Dizang Temple has been inscribed to the National Key Buddhist Temples in Han Chinese Area List in 1983.

In July 2002, the temple was designated as a municipal level cultural heritage by the Changchun Municipal Government.

==Architecture==
Now the existing buildings of Dizang Temple are the Shanmen, Hall of Four Heavenly Kings, Mahavira Hall, Hall of Kṣitigarbha and Buddhist Texts Library.
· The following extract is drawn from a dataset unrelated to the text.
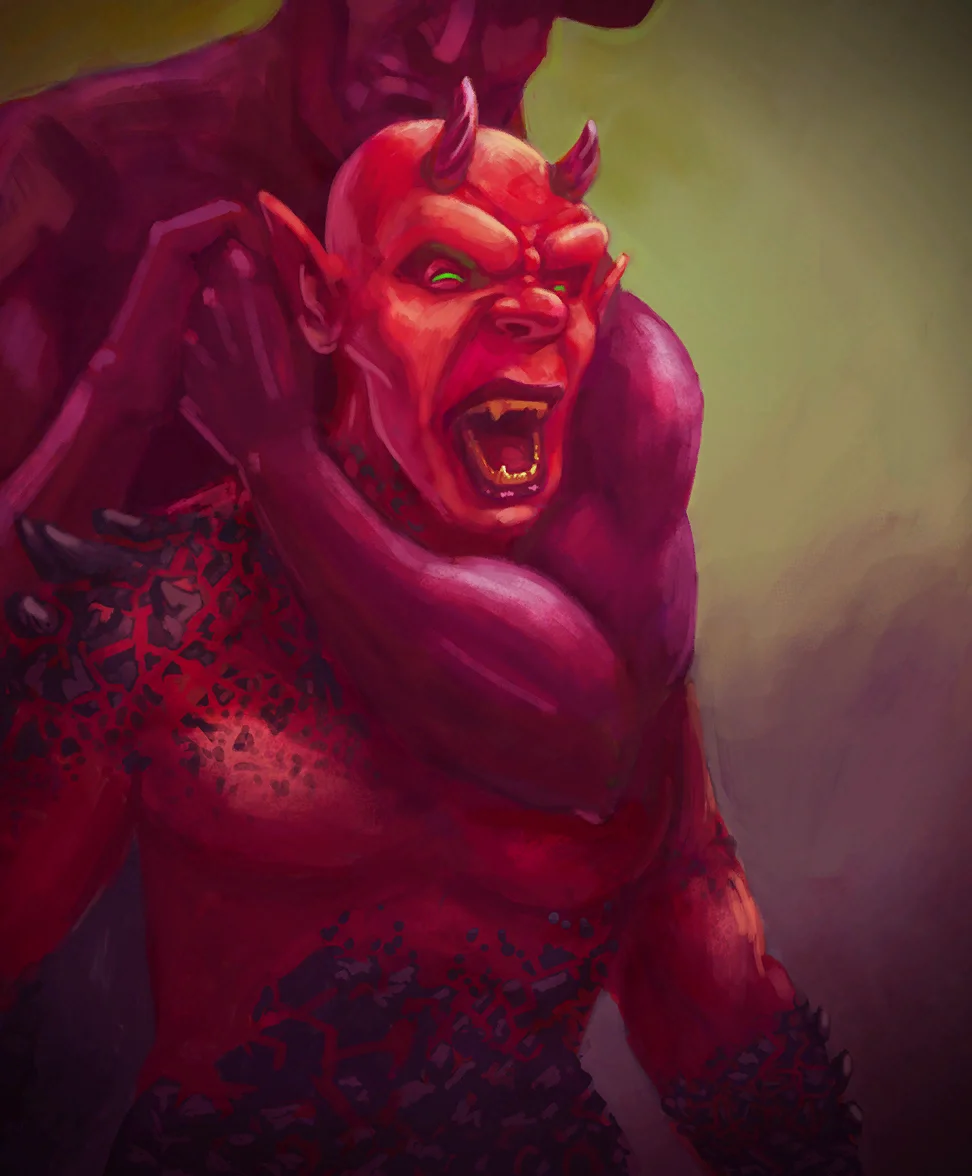 ブランディングライト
===Hall of Four Heavenly Kings===
The Maitreya Buddha, Skanda and Four Heavenly Kings' statues are enshrined in the Hall of Four Heavenly Kings.

===Mahavira Hall===
The Mahavira Hall is the main hall in the temple enshrining the statues of Sakyamuni, Guanyin and Kṣitigarbha. Ananda and Kassapa Buddha stand on both left and right side of the statue of Sakyamuni.

==Abbot==
Shi Anhong (释安宏) is the abbot of Dizang Temple. She was born Zhang Yujie (张玉杰) on March 26, 1967, in Changchun, Jilin, received ordination as a Bhikkhuni in 1978, and graduated from Wanshilian Buddhist College in Xiamen, Fujian in 1988.